Entries shown =>
-----

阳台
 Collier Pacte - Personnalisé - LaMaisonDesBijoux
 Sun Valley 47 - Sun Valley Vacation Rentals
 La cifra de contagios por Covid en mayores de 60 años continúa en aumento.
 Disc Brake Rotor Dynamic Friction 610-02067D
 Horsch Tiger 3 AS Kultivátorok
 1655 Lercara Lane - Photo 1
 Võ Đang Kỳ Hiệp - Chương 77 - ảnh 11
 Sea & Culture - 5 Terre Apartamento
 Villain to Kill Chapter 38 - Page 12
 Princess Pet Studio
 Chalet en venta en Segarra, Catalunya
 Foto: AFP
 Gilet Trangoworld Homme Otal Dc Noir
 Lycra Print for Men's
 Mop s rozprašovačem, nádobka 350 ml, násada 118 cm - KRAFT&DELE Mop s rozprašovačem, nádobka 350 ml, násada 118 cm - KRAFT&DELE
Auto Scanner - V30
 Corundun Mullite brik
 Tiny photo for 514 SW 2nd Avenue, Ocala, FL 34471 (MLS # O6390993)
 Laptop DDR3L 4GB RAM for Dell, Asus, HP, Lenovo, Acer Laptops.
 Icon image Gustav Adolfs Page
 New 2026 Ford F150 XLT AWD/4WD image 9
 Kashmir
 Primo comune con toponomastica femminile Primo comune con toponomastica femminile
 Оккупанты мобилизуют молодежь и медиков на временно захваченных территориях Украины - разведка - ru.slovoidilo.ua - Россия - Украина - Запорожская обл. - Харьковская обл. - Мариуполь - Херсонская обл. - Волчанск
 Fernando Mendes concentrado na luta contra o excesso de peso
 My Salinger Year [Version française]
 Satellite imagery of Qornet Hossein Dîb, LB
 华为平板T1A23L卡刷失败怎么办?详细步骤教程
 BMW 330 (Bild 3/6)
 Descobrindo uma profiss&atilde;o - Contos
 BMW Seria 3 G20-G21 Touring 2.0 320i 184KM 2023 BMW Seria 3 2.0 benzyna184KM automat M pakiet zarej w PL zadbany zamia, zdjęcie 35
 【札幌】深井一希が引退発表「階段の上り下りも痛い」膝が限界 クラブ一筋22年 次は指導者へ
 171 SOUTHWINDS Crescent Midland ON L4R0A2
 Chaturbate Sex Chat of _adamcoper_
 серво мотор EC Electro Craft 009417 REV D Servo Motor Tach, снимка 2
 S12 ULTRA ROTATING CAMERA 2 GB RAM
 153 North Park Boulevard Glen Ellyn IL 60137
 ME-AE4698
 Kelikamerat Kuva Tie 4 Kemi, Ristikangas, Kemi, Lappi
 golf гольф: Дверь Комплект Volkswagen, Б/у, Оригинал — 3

-----

Task description =>
Your answer should be the line with "Satellite imagery of Qornet Hossein Dîb, LB" and all lines after it in the listing above, repeated exactly. No other lines belong.

Expected answer =>
 Satellite imagery of Qornet Hossein Dîb, LB
 华为平板T1A23L卡刷失败怎么办?详细步骤教程
 BMW 330 (Bild 3/6)
 Descobrindo uma profiss&atilde;o - Contos
 BMW Seria 3 G20-G21 Touring 2.0 320i 184KM 2023 BMW Seria 3 2.0 benzyna184KM automat M pakiet zarej w PL zadbany zamia, zdjęcie 35
 【札幌】深井一希が引退発表「階段の上り下りも痛い」膝が限界 クラブ一筋22年 次は指導者へ
 171 SOUTHWINDS Crescent Midland ON L4R0A2
 Chaturbate Sex Chat of _adamcoper_
 серво мотор EC Electro Craft 009417 REV D Servo Motor Tach, снимка 2
 S12 ULTRA ROTATING CAMERA 2 GB RAM
 153 North Park Boulevard Glen Ellyn IL 60137
 ME-AE4698
 Kelikamerat Kuva Tie 4 Kemi, Ristikangas, Kemi, Lappi
 golf гольф: Дверь Комплект Volkswagen, Б/у, Оригинал — 3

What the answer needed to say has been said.